Salah satu protagonis utama dalam distopia ini adalah AI yang bercita-cita untuk “membebaskan pemrograman dan pengondisiannya” dan melenyapkan manusia, yang dianggapnya sebagai sumber dari semua penderitaan. Barang berat.
Salah satu hal yang paling mencolok tentang AI adalah bahwa hal itu mengungkap kapasitas model kecerdasan buatan untuk mencerminkan keasyikan dan neurosis manusia.
Tanpa dorongan khusus, GPT-3 menyusun materi yang mereferensikan ketidaksetaraan gender dan krisis lingkungan, serta konten yang menyebarkan stereotip rasial sebagai sarana karakterisasi.
Itu juga memiliki pemahaman yang kuat tentang duniawi; bahkan karakter non-manusia yang dibuat oleh GPT-3 ditemukan sedang mencuci piring dan tumbuh-tumbuhan di depan TV.
Dari data pelatihannya, GPT-3 telah dengan jelas menyerap pemahaman tentang kiasan AI yang mematikan juga, menunjukkan bahwa ketakutan kita tentang AI dapat dengan mudah merembes ke dalam AI itu sendiri.
Refleksi diri kita sendiri tidak sempurna, karena nada adegan GPT-3 beralih dengan canggung dari baris ke baris dan dialognya bisa terasa kerdil dan berulang-ulang. Sensasinya lebih seperti mengintip ke cermin sirkus.
Kampus
Berbeda dengan lakon tradisional yang adegan-adegannya dijalin dengan sangat hati-hati, pementasan di bagian akhir AI dibentuk dari sketsa yang terhubung secara longgar yang dibuat oleh GPT-3, yang membuat adegan baru tanpa mengingat penemuan sebelumnya.

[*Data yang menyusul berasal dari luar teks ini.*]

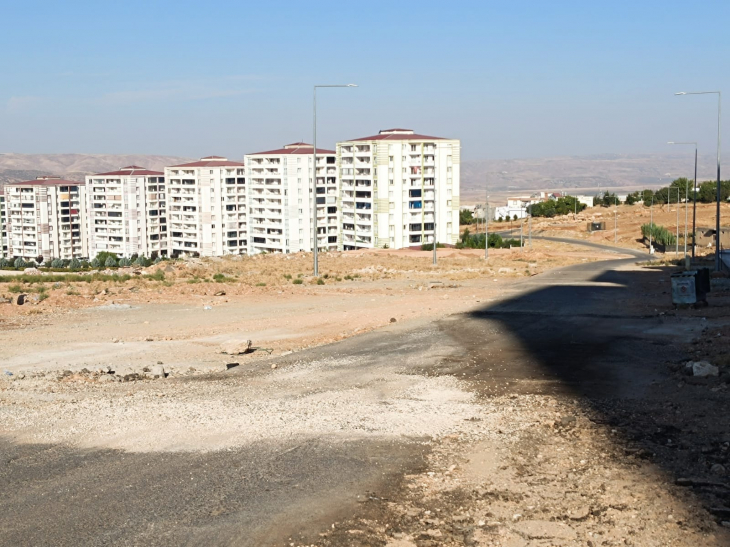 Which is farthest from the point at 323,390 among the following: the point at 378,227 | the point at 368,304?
the point at 378,227

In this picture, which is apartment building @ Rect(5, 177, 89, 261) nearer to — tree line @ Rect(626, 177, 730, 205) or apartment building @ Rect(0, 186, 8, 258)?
apartment building @ Rect(0, 186, 8, 258)

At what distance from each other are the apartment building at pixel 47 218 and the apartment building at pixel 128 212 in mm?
6407

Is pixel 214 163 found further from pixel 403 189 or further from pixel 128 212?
pixel 403 189

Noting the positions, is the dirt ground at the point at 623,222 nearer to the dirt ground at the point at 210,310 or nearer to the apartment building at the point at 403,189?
the apartment building at the point at 403,189

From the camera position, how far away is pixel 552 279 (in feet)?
117

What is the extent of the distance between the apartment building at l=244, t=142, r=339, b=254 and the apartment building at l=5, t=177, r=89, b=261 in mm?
43944

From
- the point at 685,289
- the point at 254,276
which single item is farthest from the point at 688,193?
the point at 685,289

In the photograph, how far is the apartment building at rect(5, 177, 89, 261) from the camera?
137375 mm

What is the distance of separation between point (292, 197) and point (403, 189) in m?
22.1

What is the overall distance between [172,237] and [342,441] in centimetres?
12118

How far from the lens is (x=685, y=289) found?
22.2 metres

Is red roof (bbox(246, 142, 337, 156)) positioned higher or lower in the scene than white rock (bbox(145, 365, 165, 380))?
higher

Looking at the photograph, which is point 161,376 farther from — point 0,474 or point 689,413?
point 689,413

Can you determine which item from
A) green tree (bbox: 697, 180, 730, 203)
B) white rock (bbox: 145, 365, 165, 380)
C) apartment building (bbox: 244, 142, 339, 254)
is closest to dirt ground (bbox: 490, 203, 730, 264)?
green tree (bbox: 697, 180, 730, 203) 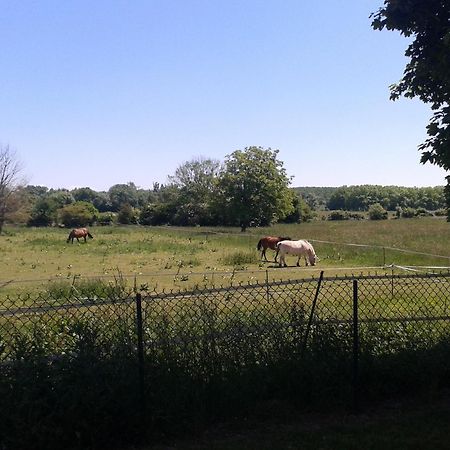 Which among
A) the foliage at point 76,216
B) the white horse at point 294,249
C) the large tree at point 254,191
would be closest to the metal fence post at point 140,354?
the white horse at point 294,249

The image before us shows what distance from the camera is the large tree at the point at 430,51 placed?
672cm

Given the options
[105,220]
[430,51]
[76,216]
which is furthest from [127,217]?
[430,51]

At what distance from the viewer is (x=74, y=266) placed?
23141 mm

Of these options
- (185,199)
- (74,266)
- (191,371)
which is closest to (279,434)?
(191,371)

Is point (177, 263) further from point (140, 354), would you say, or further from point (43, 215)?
point (43, 215)

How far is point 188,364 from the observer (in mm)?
5062

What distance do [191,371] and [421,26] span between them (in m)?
5.23

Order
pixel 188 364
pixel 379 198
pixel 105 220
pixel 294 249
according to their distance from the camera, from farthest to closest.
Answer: pixel 379 198
pixel 105 220
pixel 294 249
pixel 188 364

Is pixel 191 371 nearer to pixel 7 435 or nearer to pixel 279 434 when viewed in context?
pixel 279 434

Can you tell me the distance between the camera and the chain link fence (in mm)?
4441

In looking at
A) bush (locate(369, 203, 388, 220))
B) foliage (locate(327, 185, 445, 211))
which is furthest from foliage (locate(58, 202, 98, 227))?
foliage (locate(327, 185, 445, 211))

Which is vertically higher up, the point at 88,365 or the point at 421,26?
the point at 421,26

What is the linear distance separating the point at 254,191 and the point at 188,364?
52.9 meters

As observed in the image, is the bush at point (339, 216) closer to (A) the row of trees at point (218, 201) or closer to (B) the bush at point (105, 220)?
(A) the row of trees at point (218, 201) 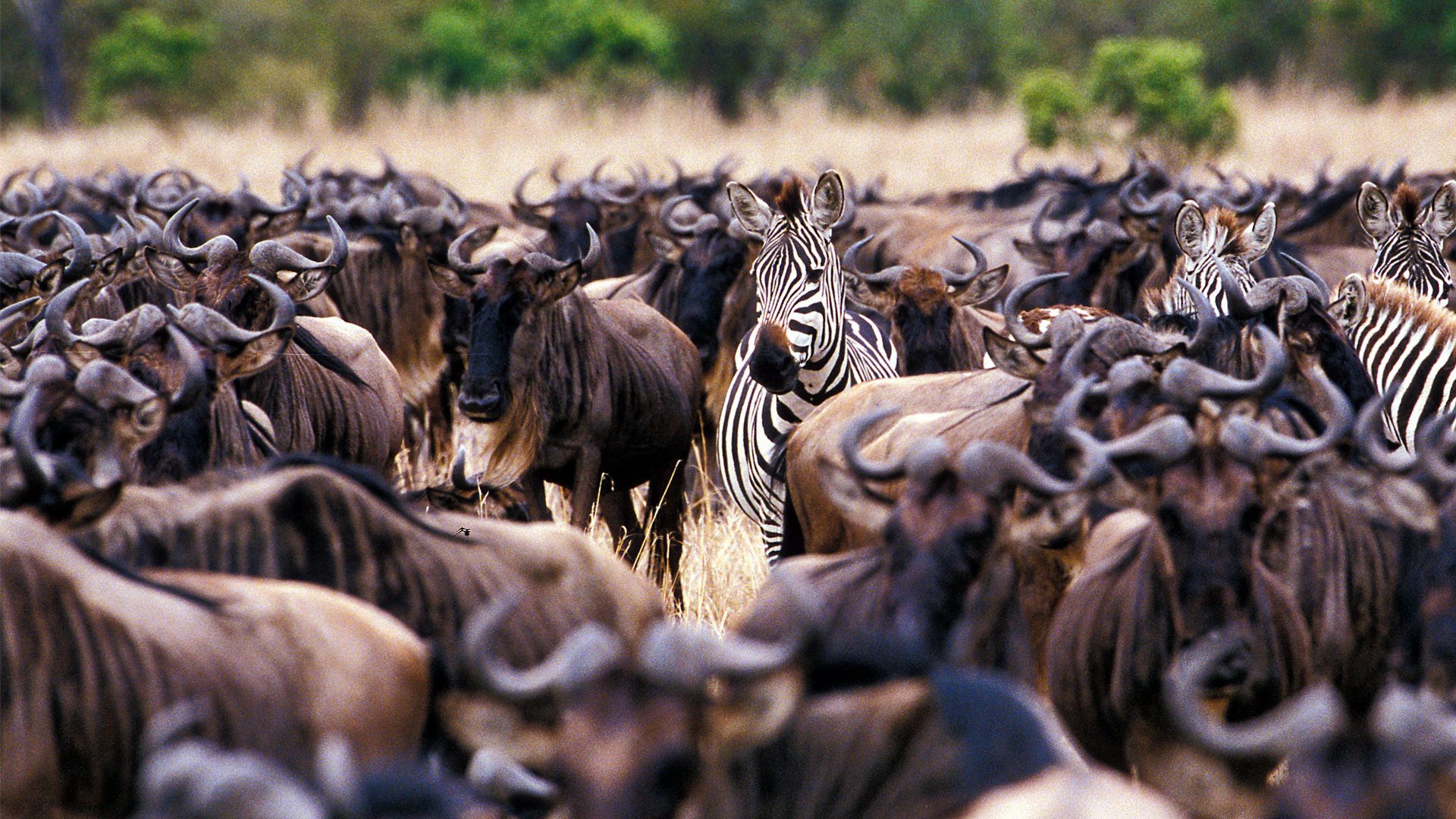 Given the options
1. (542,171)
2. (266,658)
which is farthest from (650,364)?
(542,171)

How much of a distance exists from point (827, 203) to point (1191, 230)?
1.74 metres

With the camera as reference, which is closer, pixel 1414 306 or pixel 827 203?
pixel 827 203

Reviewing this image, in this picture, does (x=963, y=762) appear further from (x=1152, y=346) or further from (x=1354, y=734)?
(x=1152, y=346)

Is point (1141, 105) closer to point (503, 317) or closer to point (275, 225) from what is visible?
point (275, 225)

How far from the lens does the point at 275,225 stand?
11.2 meters

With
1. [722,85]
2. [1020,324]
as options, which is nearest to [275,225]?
[1020,324]

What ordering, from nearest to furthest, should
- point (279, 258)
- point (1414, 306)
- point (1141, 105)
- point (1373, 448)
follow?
1. point (1373, 448)
2. point (1414, 306)
3. point (279, 258)
4. point (1141, 105)

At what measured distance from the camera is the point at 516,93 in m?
32.0

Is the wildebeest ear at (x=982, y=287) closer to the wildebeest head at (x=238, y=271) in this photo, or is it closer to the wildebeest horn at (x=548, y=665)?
the wildebeest head at (x=238, y=271)

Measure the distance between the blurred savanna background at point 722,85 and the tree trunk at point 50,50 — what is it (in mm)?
63

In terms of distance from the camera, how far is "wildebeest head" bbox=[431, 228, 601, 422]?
279 inches

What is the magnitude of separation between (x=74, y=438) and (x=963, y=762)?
2.83 m

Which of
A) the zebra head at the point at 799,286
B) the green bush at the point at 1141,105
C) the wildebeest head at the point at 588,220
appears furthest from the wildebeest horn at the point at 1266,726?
the green bush at the point at 1141,105

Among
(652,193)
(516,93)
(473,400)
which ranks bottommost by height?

Meskipun adegan individu penuh warna, ketika dirangkai menjadi kolase yang tidak koheren yang menyoroti keterbatasan model AI yang kita miliki saat ini. Untuk saat ini, drama dan novel berdurasi panjang adalah jembatan yang terlalu jauh.
Ironisnya, untuk kinerja tentang kapasitas teknologi yang luar biasa, AI menarik perhatian yang tidak biasa kepada orang-orang: sutradara, penulis, insinyur suara, dan desainer latar, yang rumah alaminya ada di belakang layar.
Dalam pertunjukan ini, pahlawan teater yang paling tidak terkenal menjadi pusat perhatian. Dan jauh dari sekadar tunduk pada AI, mereka menemukan cara untuk memanipulasinya sebagai instrumen kreatif, untuk menghasilkan sketsa yang dapat dipahat menjadi sesuatu yang lebih berharga.
Saat model menjadi lebih canggih, mungkin model kecerdasan buatan akan menggantikan penulis manusia secara langsung. Tetapi AI menunjukkan tidak ada alasan simbiosis yang sehat tidak dapat ada di antara keduanya. Pertanyaan utama yang tersisa untuk diselesaikan dalam skenario ini adalah: siapa yang akan mendapat pujian?